Exercise details >>
Would you print the listing that follows exactly, but without its pictures?

Information shown >>

········

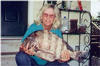 THis is my ma with the fish that i caught. That was probably the happiest day of my life.  I ate the insides of that fish, and then tarred the outside skins and hung it on my wall!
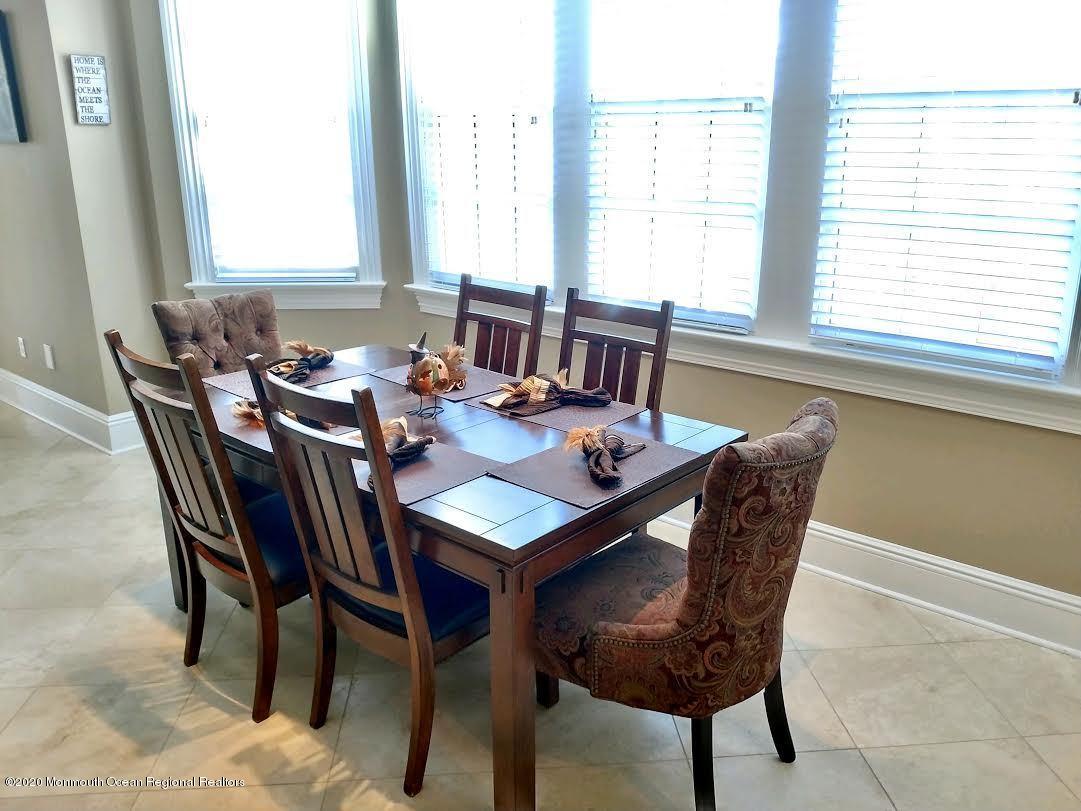 321 Oval Road Manasquan, NJ 08736 - Photo 10 of 23 a view of a dining room with furniture and window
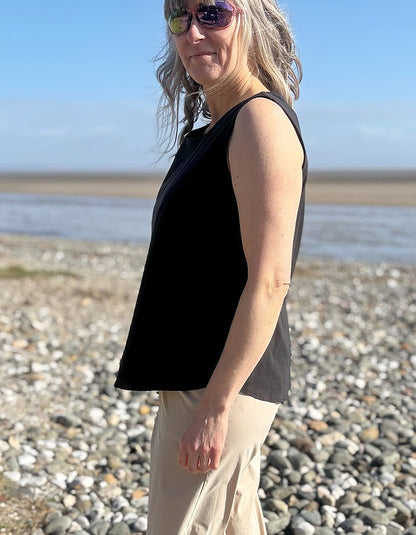 Woman standing on a pebbly beach wearing a black sleeveless top and sunglasses.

········

Solution to the problem >>
 THis is my ma with the fish that i caught. That was probably the happiest day of my life.  I ate the insides of that fish, and then tarred the outside skins and hung it on my wall!
 321 Oval Road Manasquan, NJ 08736 - Photo 10 of 23 a view of a dining room with furniture and window
 Woman standing on a pebbly beach wearing a black sleeveless top and sunglasses.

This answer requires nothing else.